- **Assigned task**
Look below for the line holding "Expansive bonus room" and the line holding "4713 Southeast Ascension". Repeat those two and everything between, exactly.

- **Working data**
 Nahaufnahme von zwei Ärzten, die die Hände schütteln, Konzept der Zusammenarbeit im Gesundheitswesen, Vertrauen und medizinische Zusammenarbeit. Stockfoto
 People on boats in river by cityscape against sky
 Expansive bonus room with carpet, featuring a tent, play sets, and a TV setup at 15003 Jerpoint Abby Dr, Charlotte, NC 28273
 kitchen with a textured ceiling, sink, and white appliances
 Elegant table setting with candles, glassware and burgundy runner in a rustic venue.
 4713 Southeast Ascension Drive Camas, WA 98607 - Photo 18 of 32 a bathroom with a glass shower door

---

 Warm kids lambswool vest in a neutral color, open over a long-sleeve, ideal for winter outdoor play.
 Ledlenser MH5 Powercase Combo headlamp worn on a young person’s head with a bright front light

- **Output of the exercise**
 Expansive bonus room with carpet, featuring a tent, play sets, and a TV setup at 15003 Jerpoint Abby Dr, Charlotte, NC 28273
 kitchen with a textured ceiling, sink, and white appliances
 Elegant table setting with candles, glassware and burgundy runner in a rustic venue.
 4713 Southeast Ascension Drive Camas, WA 98607 - Photo 18 of 32 a bathroom with a glass shower door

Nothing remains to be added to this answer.